Monday, August 21, 2017

WITMonth Day 21 | Cockroaches by Scholastique Mukasonga

It's time to talk about what is probably the best book I've read in the past year: Cockroaches.

I haven't gotten around to reviewing Scholastique Mukasonga's novel Our Lady of the Nile yet, but in a sentence: I liked it enough that I bought Cockroaches (translated by Jordan Stump) soon after it came out. Our Lady of the Nile was the first book I'd ever read specifically about Rwanda, and I finished it feeling like I had learned a lot. It's a book that shrinks the Rwandan genocide down to a small scale, displaces it, and blurs it somewhat. It was an insightful, powerful novel. How wrong I was to think I understood anything.

Cockroaches.

I grimaced at the title. I loathe cockroaches. Silly as it sounds, I felt like the book was warning me somehow. Bad content here. Stay away. A warning that had little to do, it turns out, with cockroaches, and significantly more to do with the strikingly clean descriptions of utterly horrific events. This isn't surprising, of course. Cockroaches isn't about the bugs, it's about the humans that other humans deem lower than the lowest creature - simply cockroaches. It's about how humans strip other humans of their humanity and how they use this to justify genocide.

Prior to Cockroaches, the only other story I had ever encountered about Rwanda and the Rwandan genocide was Mukasonga's previously published Our Lady of the Nile. That's it. I had heard stories from family members who had been to Rwanda; one described the memorial museum as "a Holocaust museum, but with Tutsis instead of Jews". I kept thinking of that while reading Cockroaches.
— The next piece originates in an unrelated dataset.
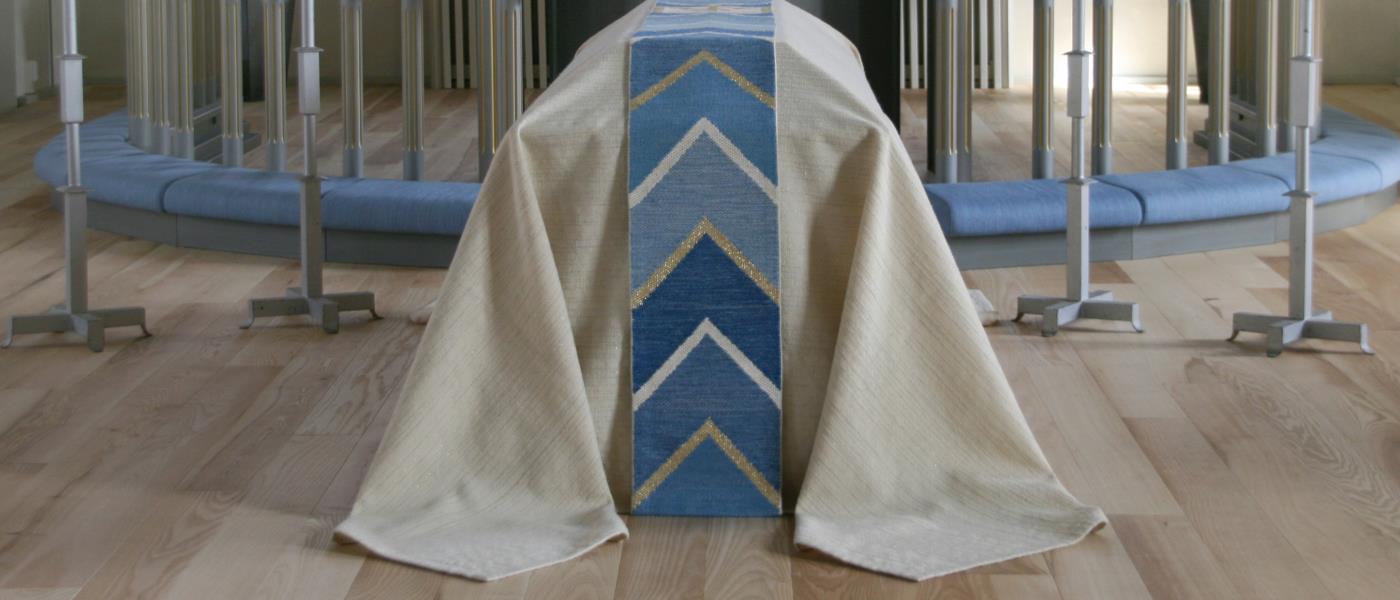 En kista står framför altaret i Tidaholms kyrka, med ett vitt bårtäcke och en blå, vit och silvrig bård ovanpå.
Pieces of the memoir felt so familiar, reminders of every Holocaust story I'd encountered in my childhood (and adulthood...), yet this is also very clearly the story of a completely different genocide.
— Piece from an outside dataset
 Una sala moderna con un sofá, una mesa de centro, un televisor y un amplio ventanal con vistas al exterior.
Or rather, I should note, this isn't quite the story of the Rwandan genocide itself as much as it's the story of how Rwanda became a country in which the 1994 genocide could even occur. Mukasonga makes clear from the very first page of the memoir that her survival is the exception: The book opens with a painful dedication to all those who lost their lives and their families, and to "the few who have the sorrow of surviving". In my view, this is the line that captures the essence of Cockroaches. This is a beautifully written book that uses simple, clear writing while conveying a terrible, painful, and gut-wrenching reality.

There's more to it, of course. Mukasonga gives voice to her lost family, but she also builds an entire world around them. Mukasonga never lets the reader forget that the genocide - which technically occurred in 1994 - begins much earlier, with a series of smaller events and horrors. Genocide never occurs in a day. What begins as forced relocation turns into total extermination. First certain individuals. Later, everyone. The elderly. Children. Babies.
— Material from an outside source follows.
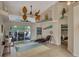 Relaxing living room with wicker furniture and a view of the pool at 229 Rotonda E Blvd, Rotonda West, FL 33947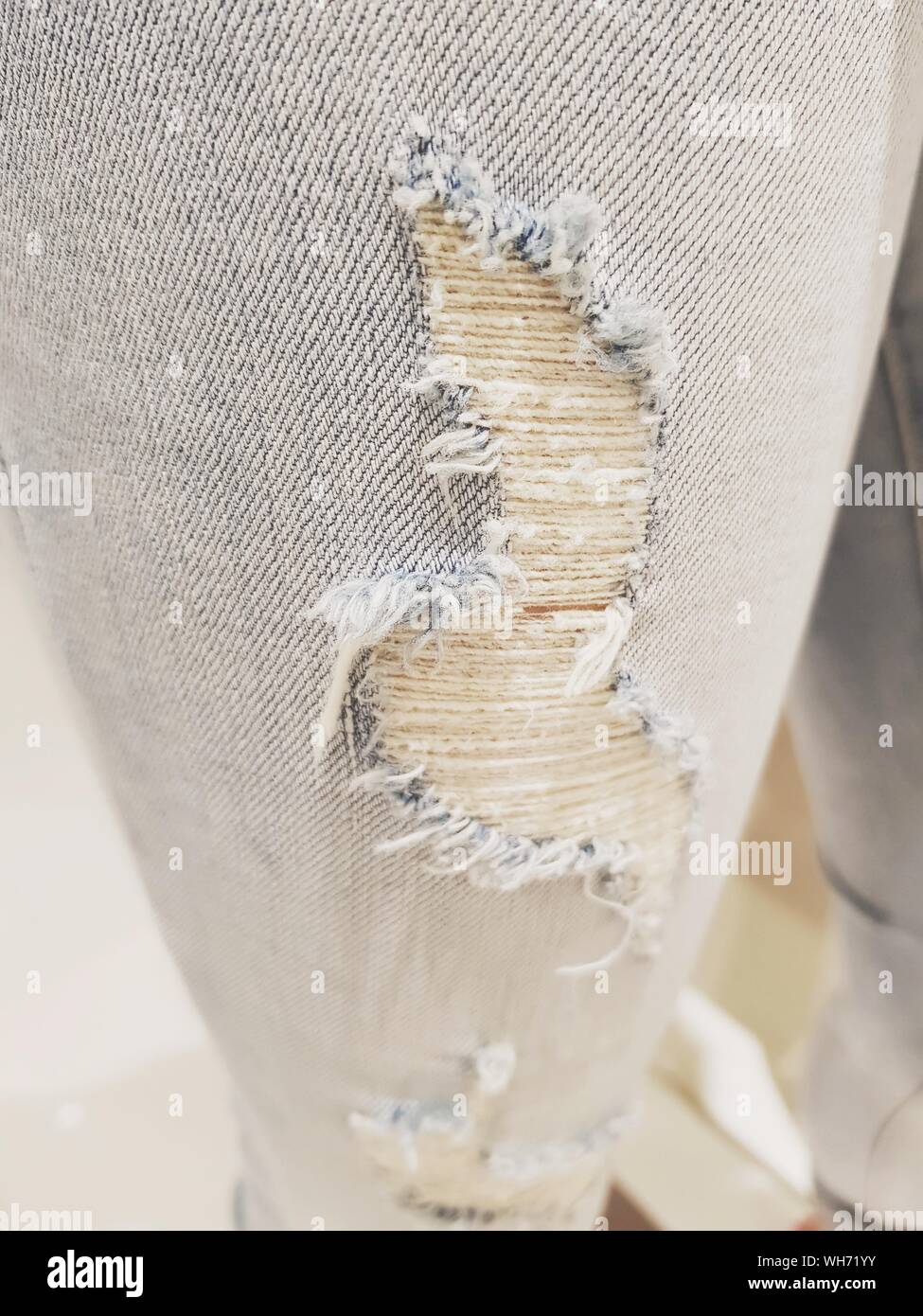 Torn Clothing High Resolution Stock Photography and Images Alamy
Cockroaches is not an easy book. It's short, yes, and Mukasonga writes simply. It's the sort of book you can read through within a few hours, but this is far from a quick, breezy read. This is a book that enters your soul. It feels like a cockroach has crawled under your skin, itching and burning as it burrows into you. It's personal, but not manipulative in its emotions. Mukasonga's survival sorrow rings powerfully, such that I cannot imagine a reader leaving this book unmoved. For this granddaughter of Holocaust survivors (and great-granddaughter, -niece, -cousin, etc. of Holocaust victims), the book felt like a necessary awakening to learn more about those horrors that I haven't been exposed to as much. It felt like an education. And it felt like a painful reminder of how absolutely easy it is for humanity to fail, and fail again.

To quote Mukasonga: "I wish I could write this page with my tears."